The VCDX program receives applications containing certain common errors. These errors even appear in otherwise promising applications. Here is a list of common problems that candidates should avoid. The list does not prescribe how to repair these problems; this choice is intentional. A candidate must use knowledge and skill as a vSphere architect and technologist to fix the problems.
If you are applying for VCDX, and you find some of these problems in your draft application, we urge you to rectify these problems before submission. Caution: submitting a perfect application does not guarantee achieving the VCDX credential, because your performance at defense trumps your performance on the application. Nevertheless, avoiding needless errors in your application increases your likelihood of advancing to the defense stage and positions you better for success there.
AVOID THESE PROBLEMS:
- Failure to respond to one or more stated customer requirements.
- Unexplained discrepancies in the submitted documentation: especially, inconsistencies among documents in the submission; also, inconsistencies between text and diagrams.
- Omitting information that is specifically required by the application; or else, failing to make it prominent.
- Avoiding decisions ("here are three choices, Mr.
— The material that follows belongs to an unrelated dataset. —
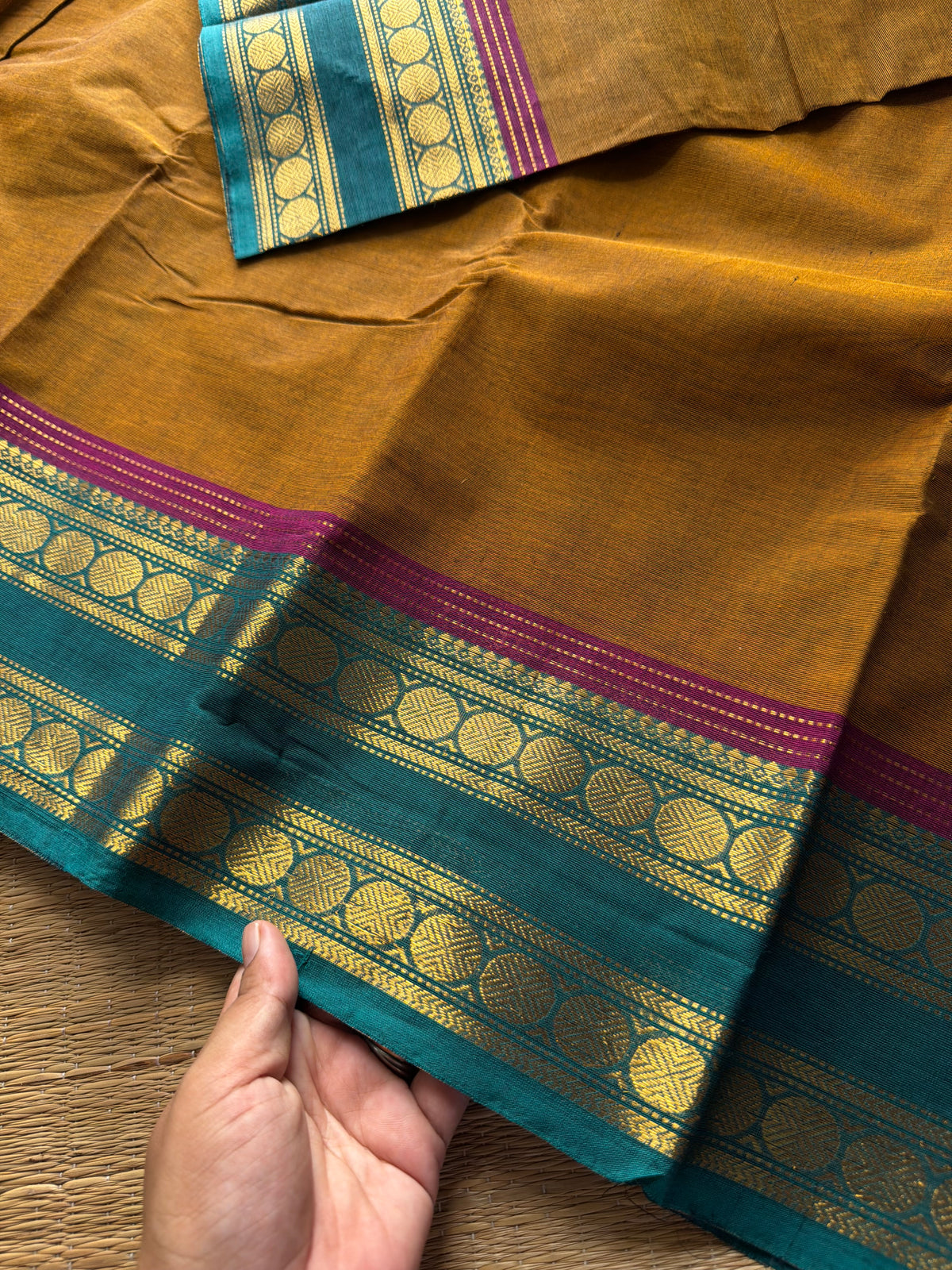 RF772 Warm mustard yellow shade Kanchi cotton saree with multi color contrast border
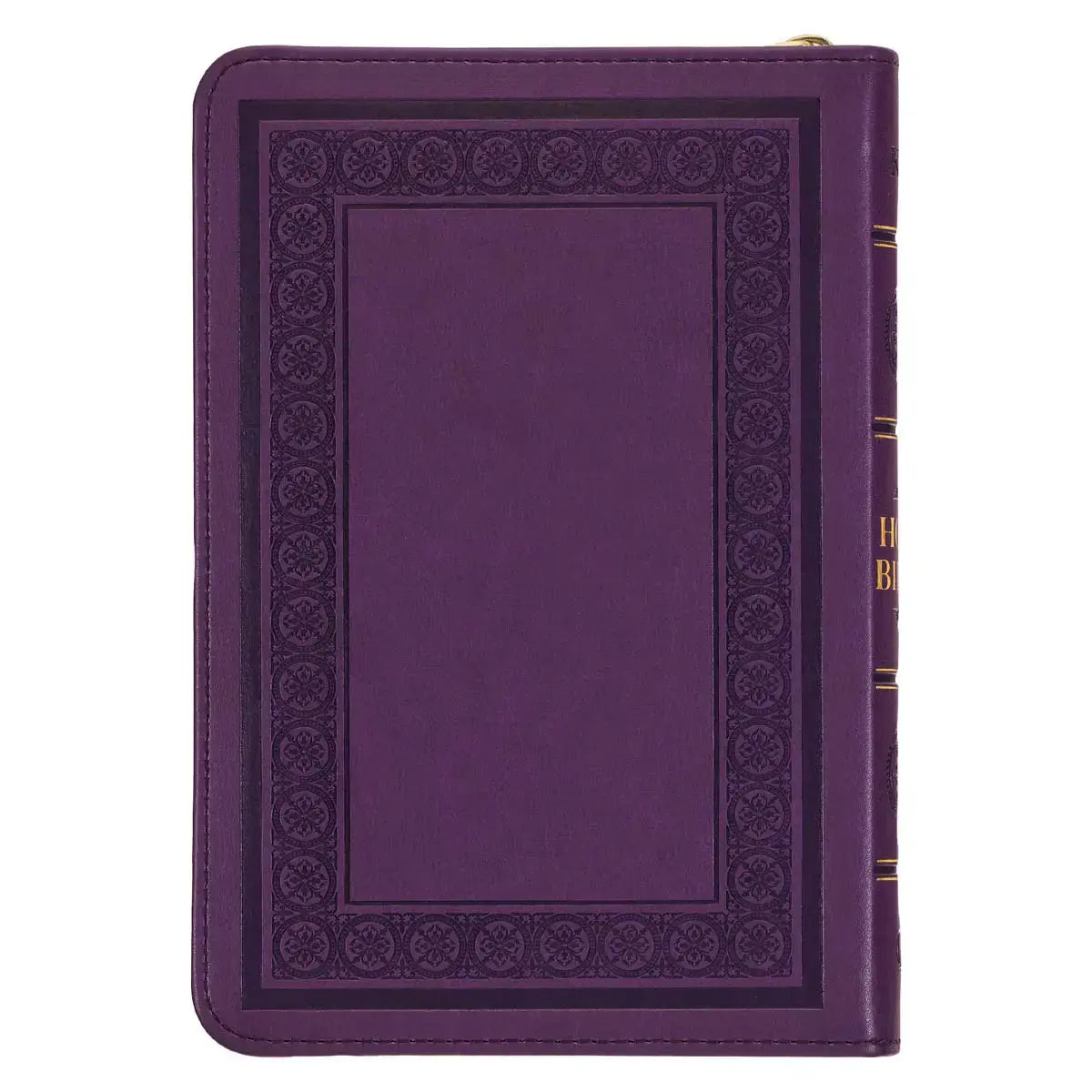 Iris Purple Faux Leather Compact King James Version Bible with Zippered Closure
Customer; you pick") or else presenting a decision without explaining its rationale. These are two faces of the same error: missing an opportunity to display relevant knowledge and skills.
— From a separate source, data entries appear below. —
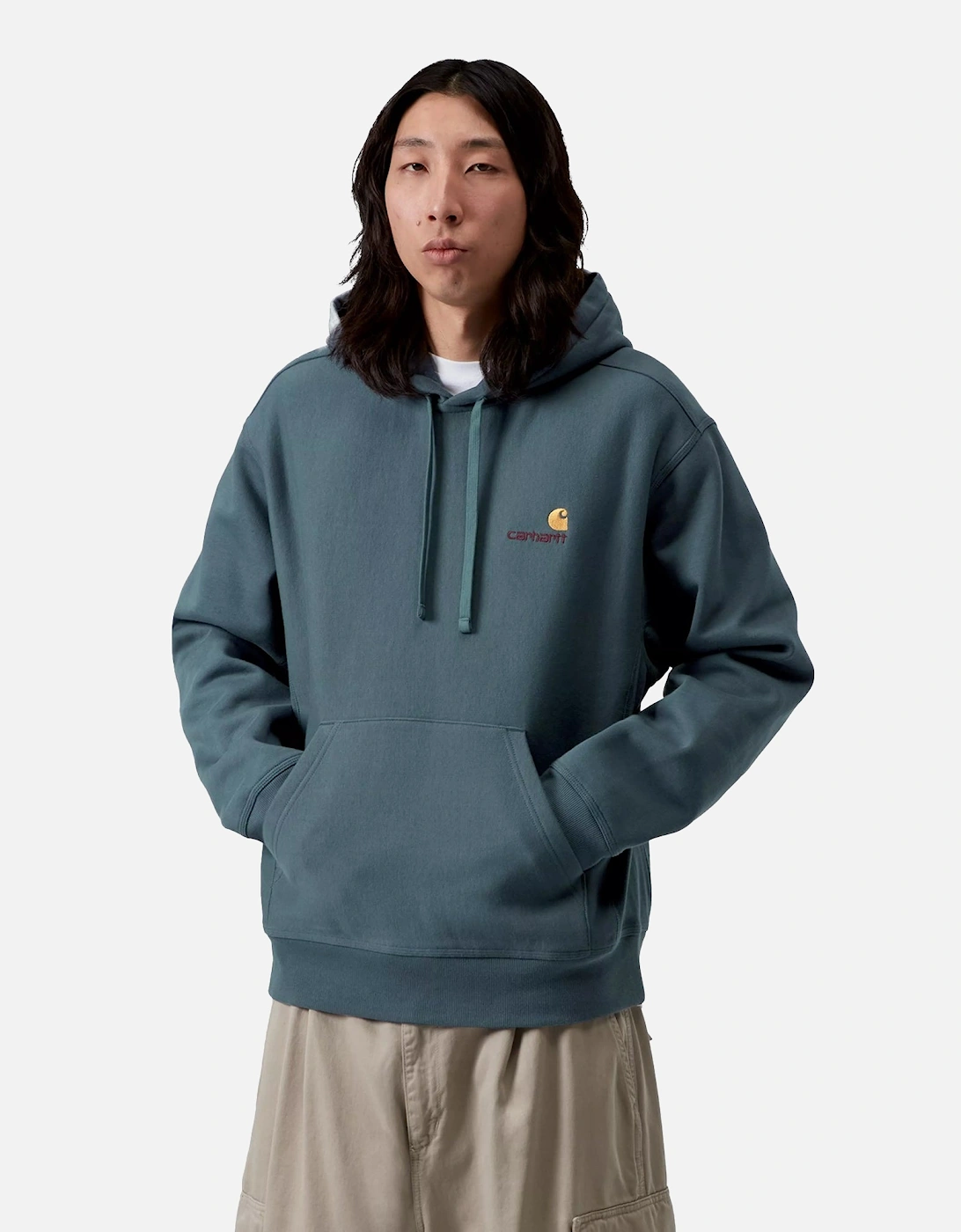 American Script Hoodie Office Blue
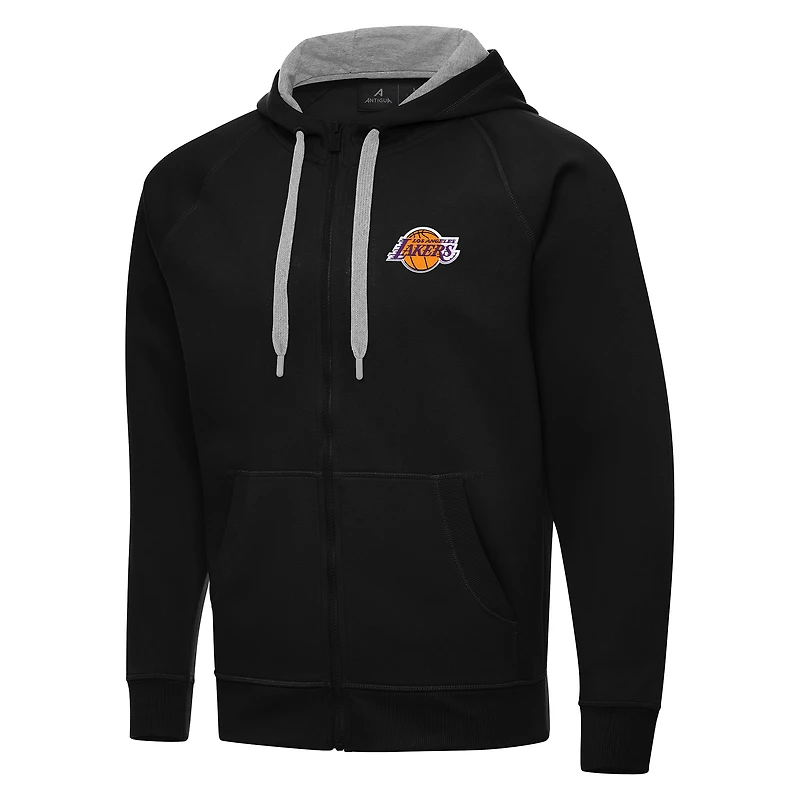 Veste à capuche zippée intégrale Antigua Black Los Angeles Lakers pour homme, grande taille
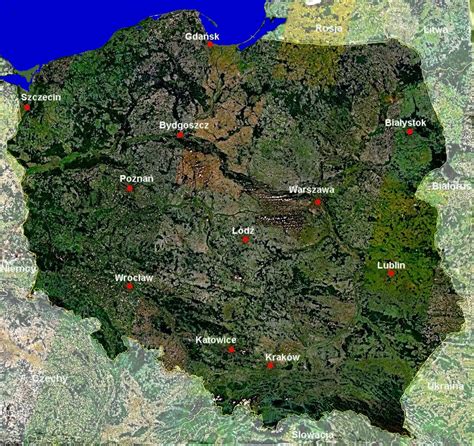 Map of Poland (Satellite Map) : Worldofmaps.net - online Maps and Travel Information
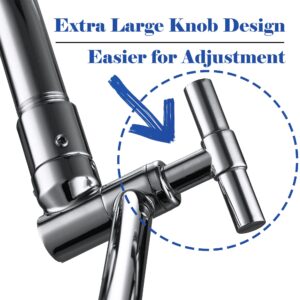 Shower Head Extension Arm - 13'' Shower Arm Extension for Rain Shower Head & Handheld Shower, Height and Range Adjustable, Shower Extension Arm with Locking Nuts, G1/2 Universal Connector, Chrome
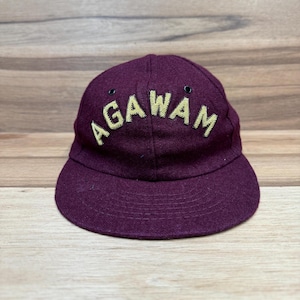 VTG &quot;AGAWAM&quot; burgundy wool fitted baseball cap size medium.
- Throwing needless or redundant material into the application. Applications are not evaluated by the kilogram!
- "Name-dropping" VMware products: that is, introducing them into the design in a trivial or tangential fashion. Applications are not evaluated by how many VMware products they might sell.
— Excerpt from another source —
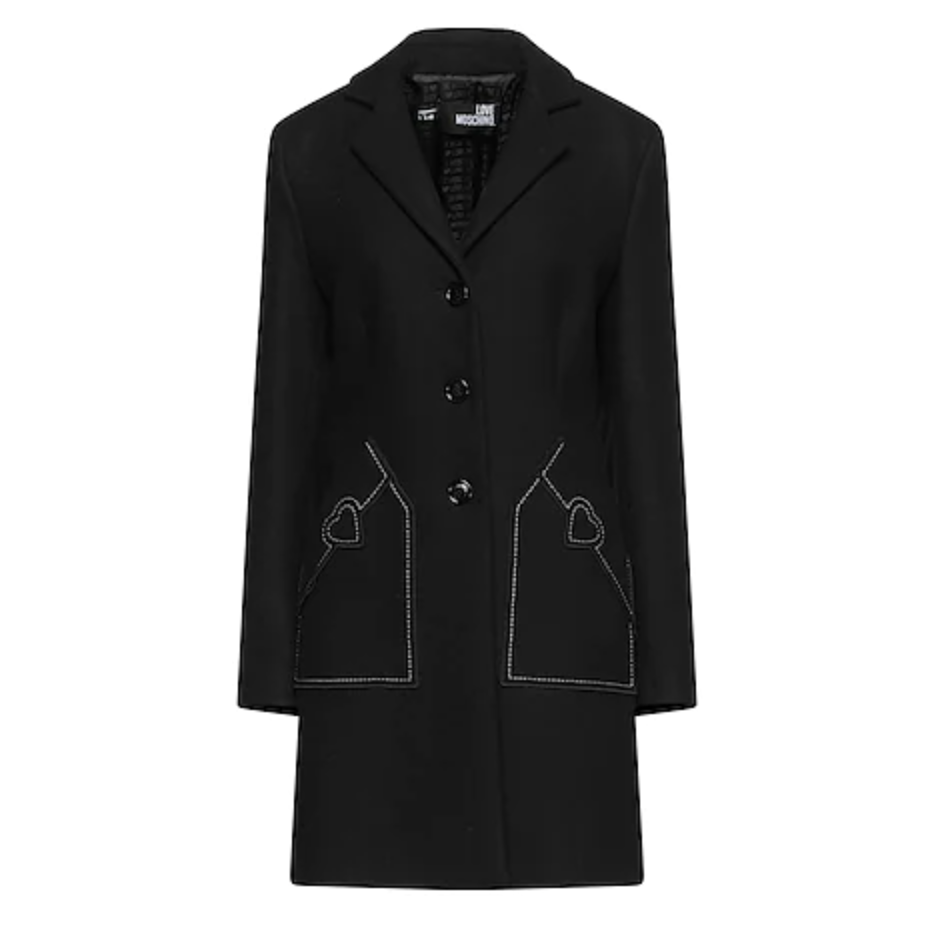 Love Moschino Chic Wool Blend Black Coat with Heart Detail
- Failure to analyze risks facing the design, including those driven by customer constraints, and to show why the risk was accepted or else how it was mitigated.
- The presence of unexplained single points of failure.
- Failure to show critical thinking about security. Customers' security requirements can be implicit in their other requirements and constraints, rather than stated up-front by them.
- Making reference to SLAs without defining them crisply or showing the mapping from the customer's applications to various SLAs.
- Use of unsupported configurations without explaining why, and why this was an appropriate risk for this customer.
- Merely citing "best practices" as a justification for decisions; or else contravening ordinary best practices without explaining why.
- Omitting technical information that an implementer would need. Especially, leaving the configurations of components to the reader's imagination is a missed opportunity to display relevant knowledge and skills.
- Submitting no implementation guidance; or else submitting generic ("boilerplate") implementation guidance that lacks apparent relevance to the customer's requirements.
If you do not know how to rectify these problems in your application, consider advancing in your career before attempting VCDX.